While we often start with good intentions, it feels like real transformation is elusive at best, and maybe even impossible. We deeply want to live in the freedom that Christ offers, but we are acutely aware of the gap between a transformed life and our reality. Having the Mind of Christ tackles the issues of lasting life change.

When we feel some kind of inspiration or need to seek change in our lives, we start with behaviors: new to-dos, tactics, techniques, or spiritual disciplines that we hope will bring about the transformation we desire.

While these behavioral changes can bear good results, they just as often fail to produce the lasting change we deeply desire. That's because transformation requires more than a change in practice – it requires a change in paradigm.

Pastors Matt Tebbe and Ben Sternke share eight axioms that help reframe the way that we see God, ourselves, and others. By seeing through new lenses, we can open ourselves to the transformational change that God wants for our lives.

This book is based on over 40 years of combined experience in pastoral ministry, as well as the coaching and training we do every day with Christian leaders through Gravity.

It addresses one of the common pitfalls we see in the most well-intentioned discipleship efforts: a focus on practices rather than doing the deeper work of learning a new paradigm. Before our spiritual practices yield good fruit, they must be integrated with a new paradigm: a new way of seeing God, ourselves, and the world.

In this book, we share eight “axioms” that give us new lenses through which to see everything: reframing how we see God, ourselves, and others. By seeing through new lenses, we can open ourselves to the transformational change we and God desire.

What people say about the book

Matt and Ben know what facilitates change in people—and what doesn’t.
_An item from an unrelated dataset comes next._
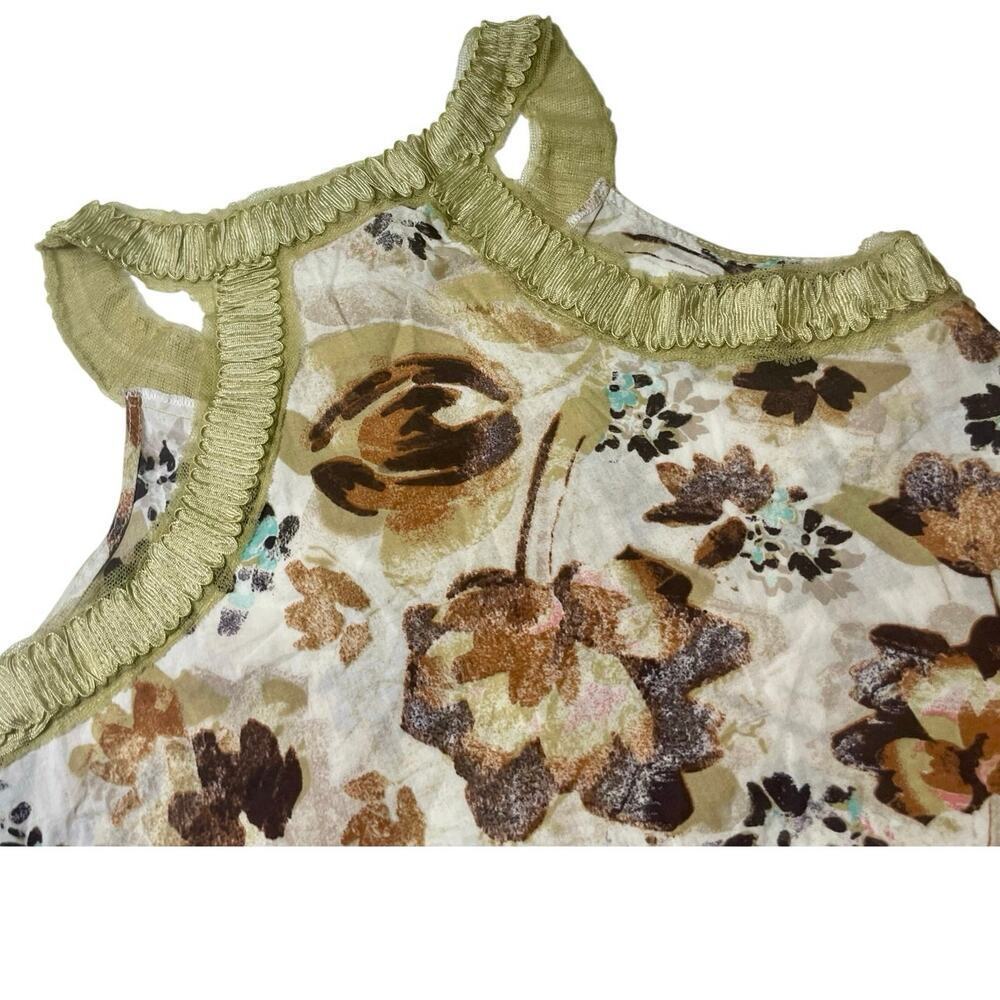 Y2K AMERICAN RAG TANK TOP GOLD BROWN FLORAL SZ S COTTON AESTHETIC FAIRY CORE - Picture 10 of 14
In their coaching, mentoring, and discipling, they, as faith leaders, deal with doubt in expert ways. If you feel stuck with a less than satisfying faith, Having the Mind of Christ provides eight key insights to get you out of your rut.
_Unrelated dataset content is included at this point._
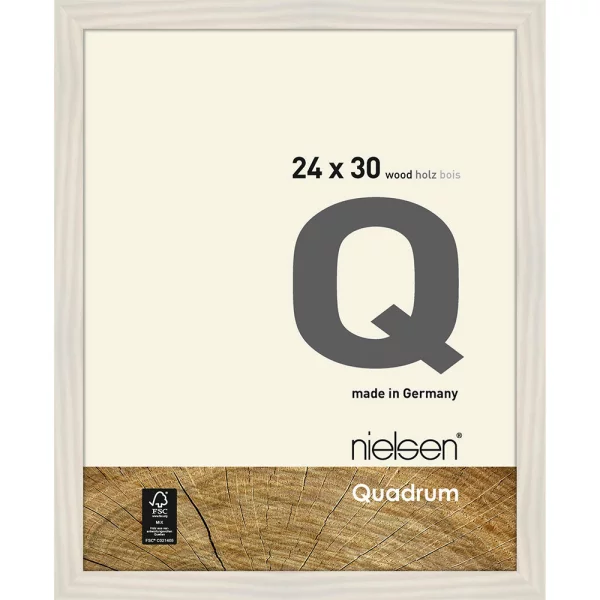 Cadre en bois Quadrum 24x30 cm | blanc | verre standard (2 mm)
Todd Hunter, Anglican bishop and author of Christianity Beyond Belief

Using eight foundational principles, Ben Sternke and Matt Tebbe help us cultivate transformed lives that are lived in the ways of Jesus. This often means unlearning inferior ideas about love, banishing dangerous notions of power, escaping our habitual trappings of shame, and ridding ourselves of faulty assumptions about autonomy. Accept their invitation to a robust faith and begin this blessed journey.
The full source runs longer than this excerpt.